CHILD-UP for Researchers
An innovative perspective to address the issues of migrant children
CHILD-UP is a European research project that addresses the issue of migrant children in Europe through an innovative perspective, based on the concepts of children’s agency and hybrid cultural integration.
The project will deliver relevant research findings for the benefit of experts, academics, PhD students and researchers in the field of integration of migrant children.
In order to investigate the social inclusion of migrant children, CHILD-UP puts children’s social participation at the centre. By taking into primary account the gender dimension, the research focuses on the agency of boys and girls as a way to promote negotiated constructions of cultural identity as well as changes in their socio-cultural context.

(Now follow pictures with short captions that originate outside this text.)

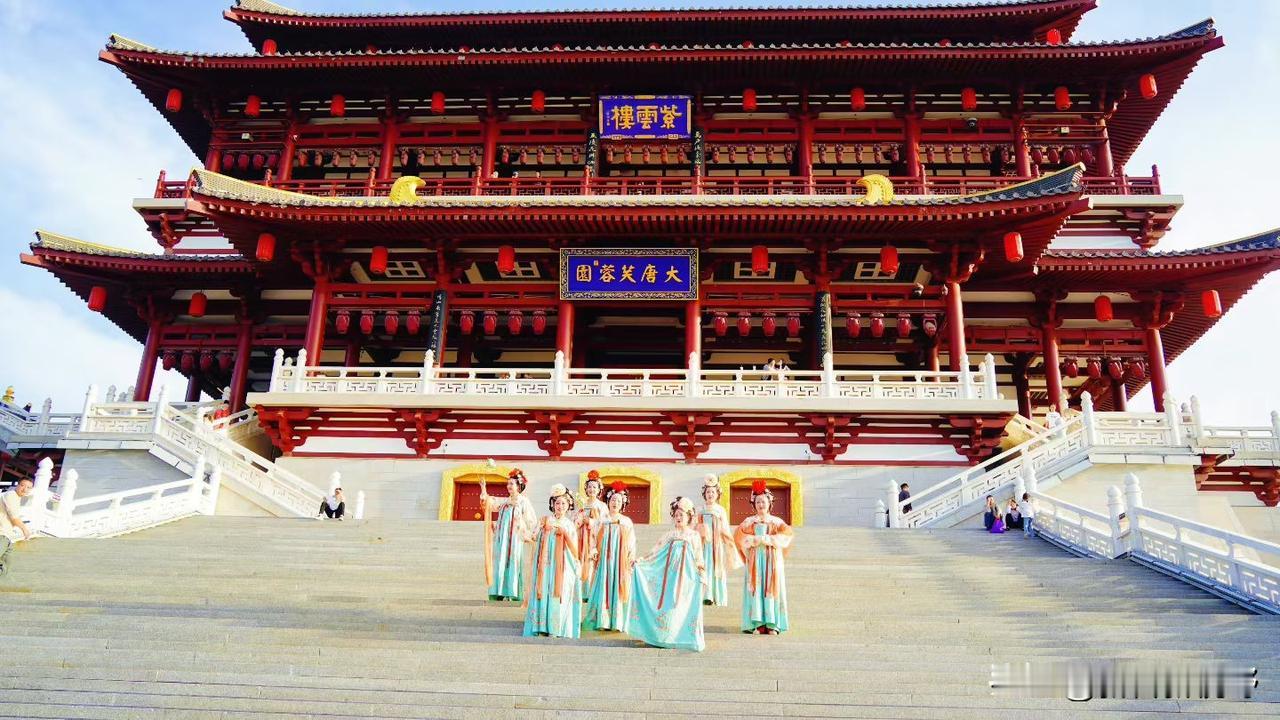 打卡中国古风建筑，感受传统文化的魅力！清新的连衣裙穿搭 旅游该如何穿搭又舒服又时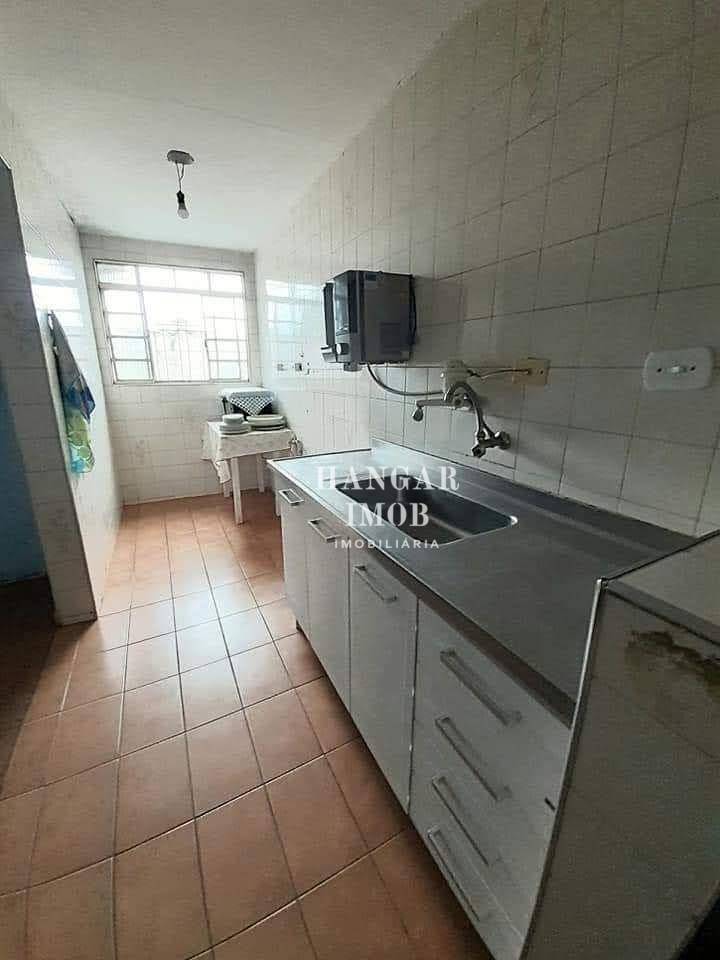 Casa à venda com 4 quartos, 1191m² - Foto 2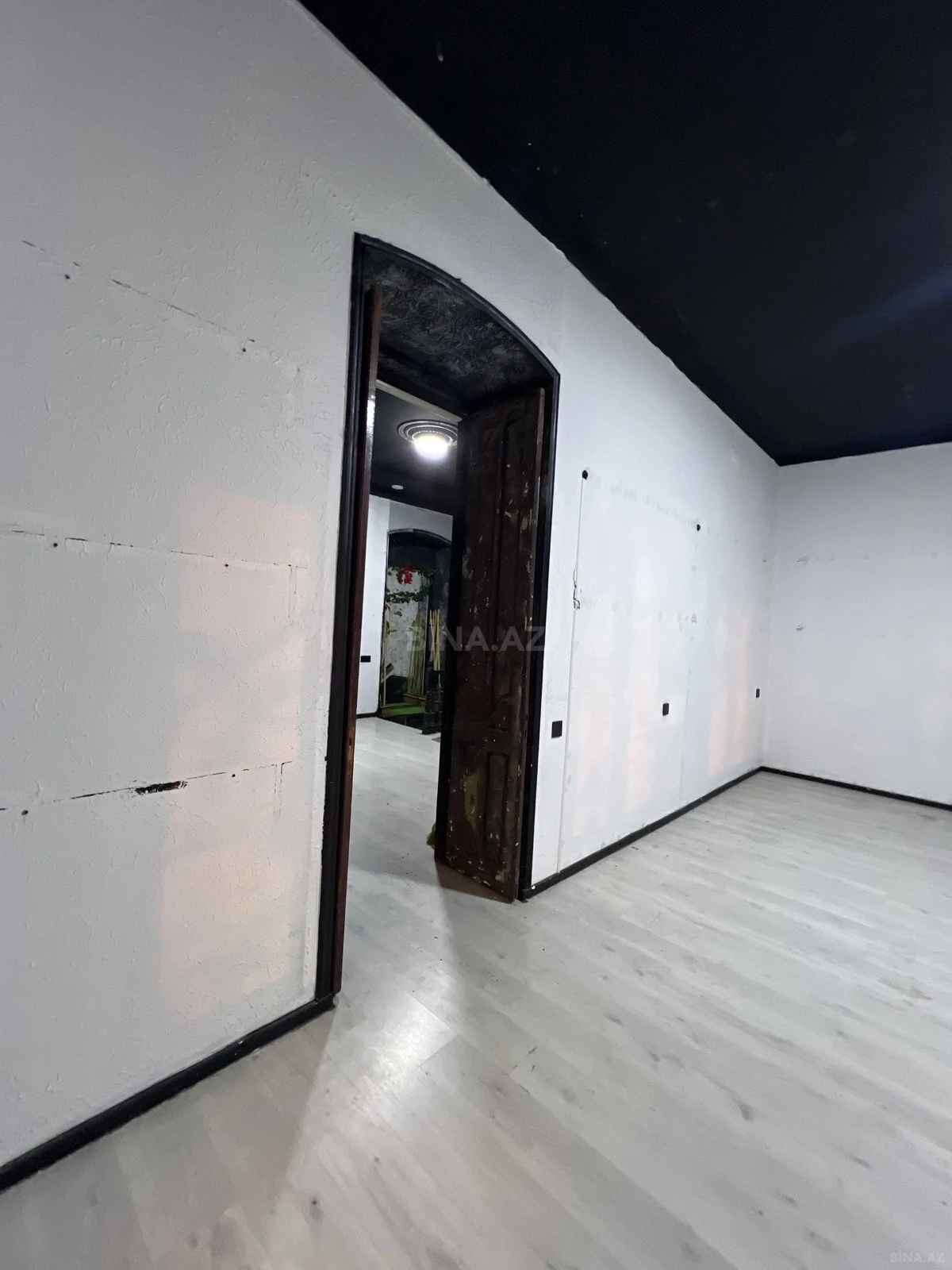 Kirayə verilir 5 otaqlı ofis 150 m²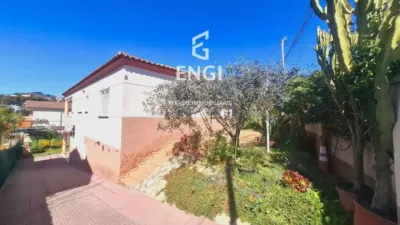 Chalet in Segur de Calafell photo 4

Following a non-essentialist perspective, CHILD-UP focuses on hybrid integration, i.e. on the ways in which cultural identities are negotiated within interactions. In analyzing interventions that improve the children’s agency and enhance their hybrid integration, attention is directed towards dialogic practices in schools. To gather and analyse these practices, the perspectives of families, teachers, facilitators and social workers are also taken into account.
The collection of data is based on the use of mixed methods: questionnaires, video and audio recording of schools activities, focus groups and interviews with children, teachers, educators, social workers and mediators.
CHILD-UP offers new evidence to the research community through substantial field research and impact evidence analysis of current policies, thus supporting both policy makers and civil society in establishing more integrated and effective inclusion policies, benefitting not only migrant children but the whole local contexts.
CHILD-UP researches into the level of integration of migrant children in Europe and their social condition, with the primary aim of providing support for migrant children’s exercise of agency in changing their own conditions of integration and constructing hybrid identities.